2023-07-15
Static websites have a low barrier to entry
Yesterday I wrote about a criticism of the usual static versus dynamic website divide, where I noted a number of (what I see as) significant differences between static and dynamic websites in practice. But there is another important difference in practice, and that's the amount of expertise that's needed to create each of them. Specifically, static websites don't require much expertise to create. Given a suitable general web server environment, which is easy to provide, all you need to set up a static website is the ability to write HTML, or even an authoring and editing tool that will do it for you.
(Well, you need to be able to put your edited files on your web server, but generally this is straightforward, especially at small scale.)
There are dynamic website environments that are almost this simple, but they're also necessarily relatively canned, fixed function environments. The obvious examples of this are the various providers of hosted blogs and similar things such as Dreamwidth. These are all dynamic sites, but your options for changing how they work are usually both relatively modest and more complicated than 'write HTML'. In addition, you have the hidden complexity of picking which of the many varieties best meets your needs.
(Then, over a long enough time span you may have to deal with moving from one canned service to another.)
A fully custom dynamic website has a quite high expertise level, because you need to be able to program (in some environment). When Wesley Aptekar-Cassels' There is no such thing as a static website looks forward to a future where there is a standard API between web servers and dynamic websites so that dynamic websites can be readily moved between providers, it's still seeing a future where you have to program to create your portable but dynamic website. You can't get away from this; it's intrinsic in the extra freedom that being dynamic gives you. Either you have to write code or you have to sort through other people's code to find one that does what you want.
In a sense, static websites have already done this sorting and arrived on a feature set for you.

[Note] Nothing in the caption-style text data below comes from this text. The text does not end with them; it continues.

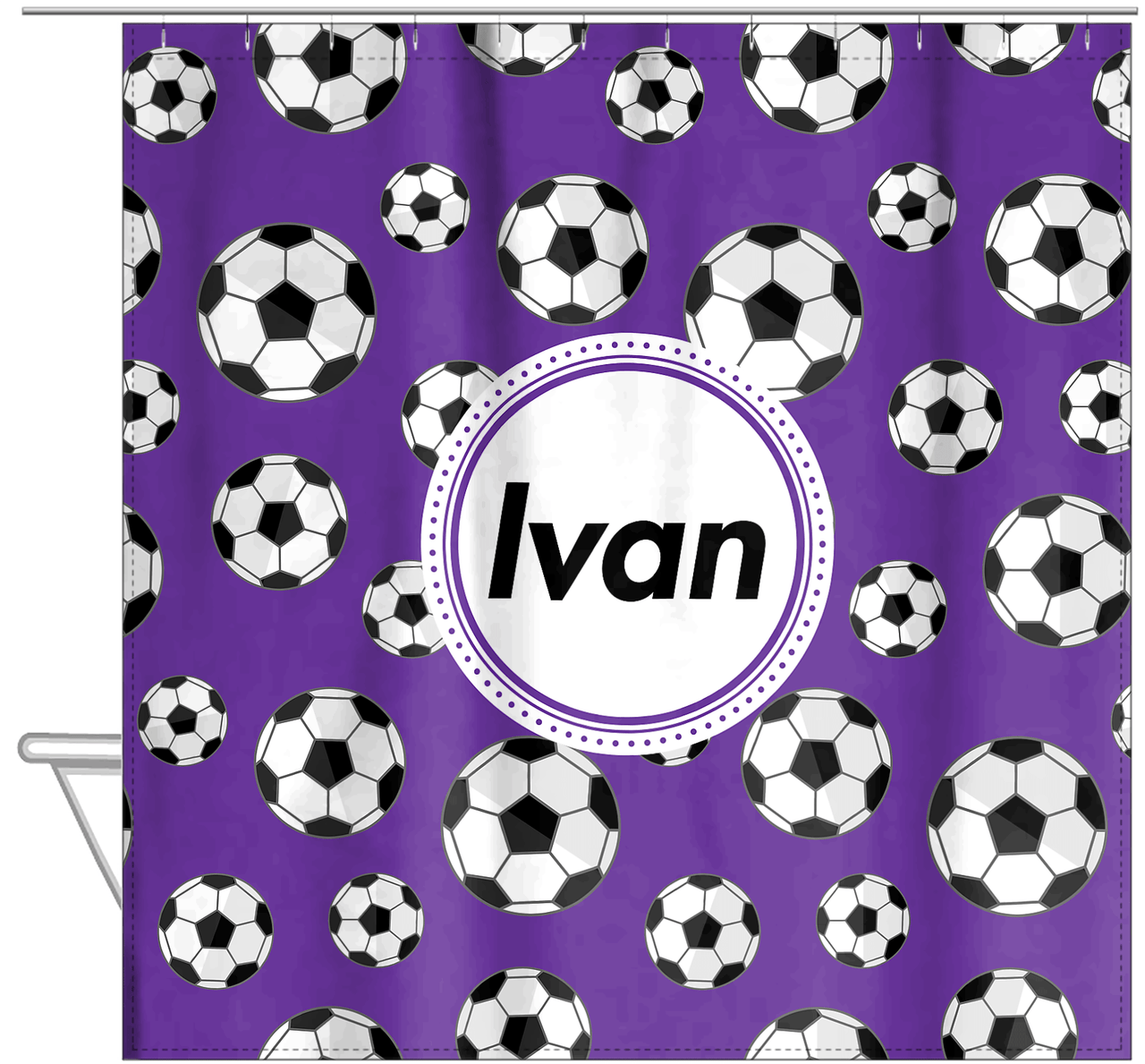 Personalized Soccer Shower Curtain XV - Purple Background - Circle Nameplate - Hanging View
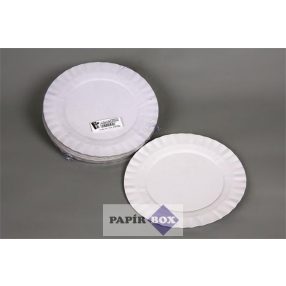 Papírtányér, kerek, desszertes, 19 cm, 50 db, fehér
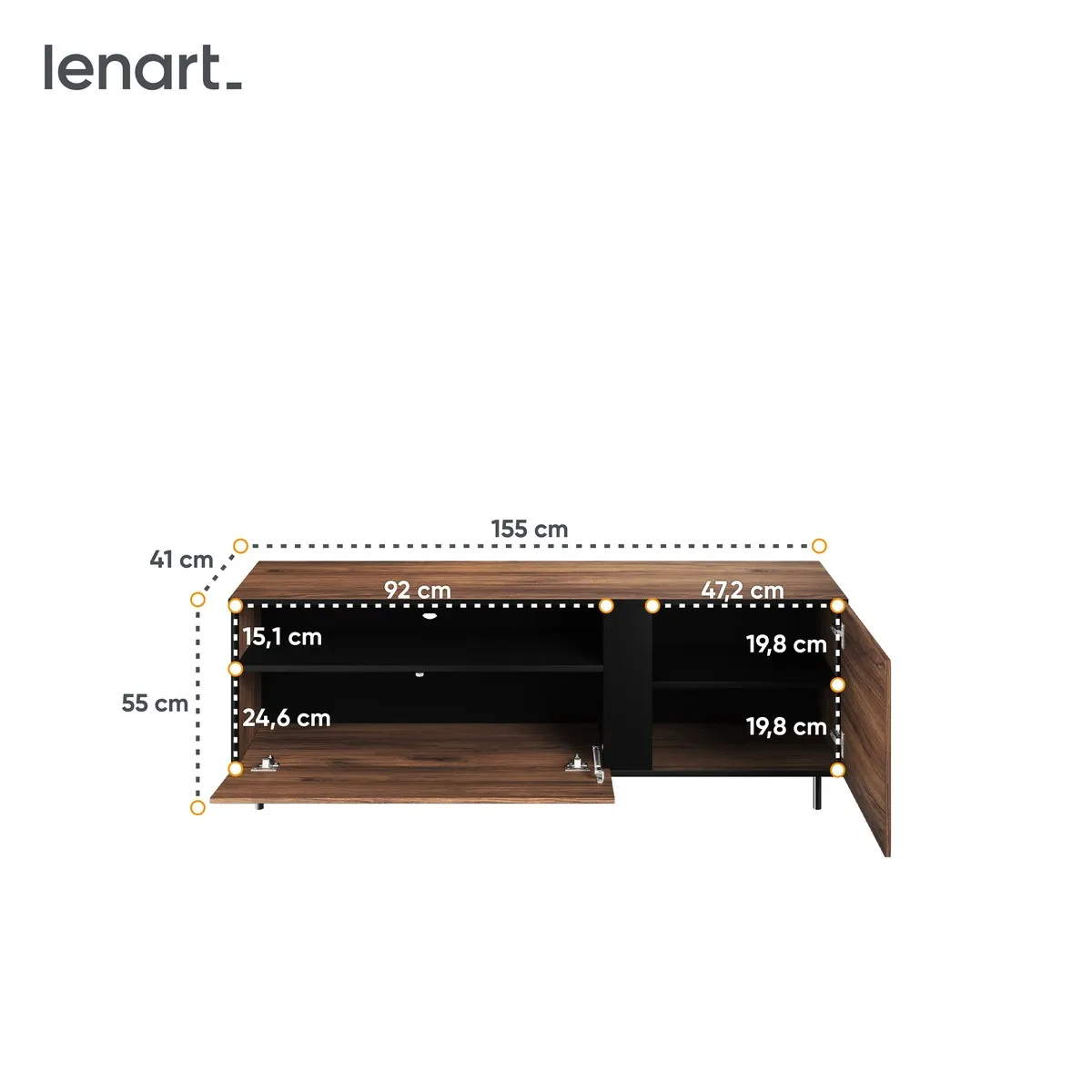 Szafka RTV Borga 03 dąb catania, czarna 155x55x41 - BG3DCC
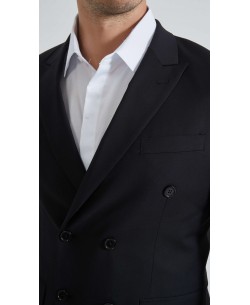 COS-H051 2 pieces double breasted suit (T46 to T58) - Black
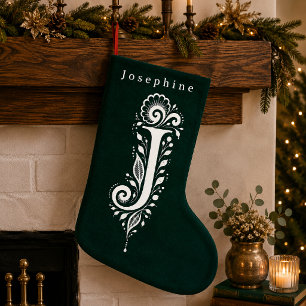 Petite Chaussette De Noël Bas de Noël personnalisé avec monogramme botanique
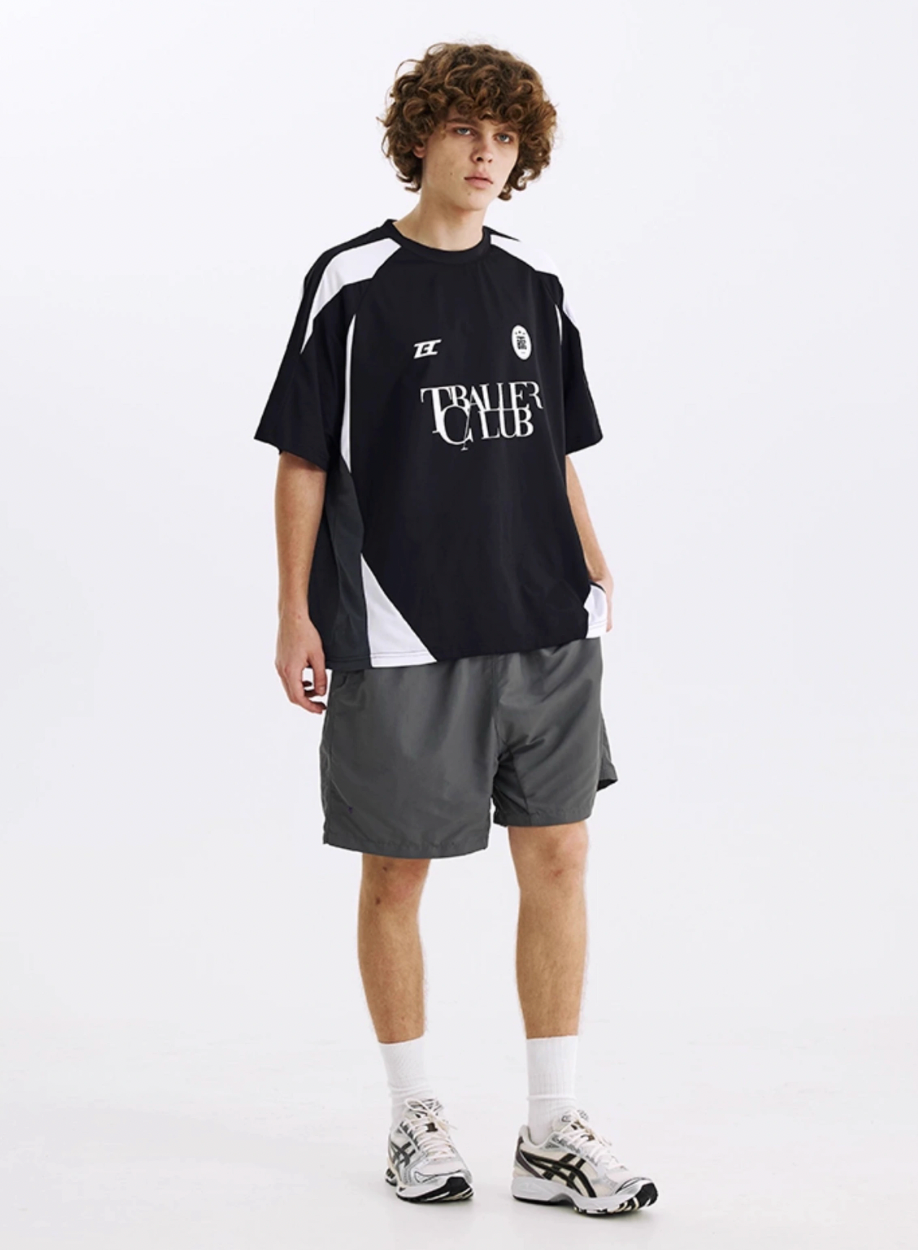 TBALLER Mesh Patchwork Color Blocking Soccer Jersey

But it happens to be a feature set that's both fairly simple and fairly general, one that's proven to be quite adaptable in practice over the time the web has been here.
Another aspect of this is when you need the expertise. If you have only static HTML and CSS, with no JavaScript, you put essentially all of the expertise and work needed to creating the HTML and CSS. Once created, it's static and won't actively need changes (although you may want to change the look every so often even if the content doesn't get modified). All of the ongoing work lives on the other side of the static website split, in maintaining the web server itself. Pragmatically, this helps a lot to enable low-attention websites, ones that you can mostly ignore for long lengths of time and don't have to constantly look after.
(If you run the web server itself you do have to keep up with things there. But there are ways of offloading this work to someone else, and there are lots of providers of the service.)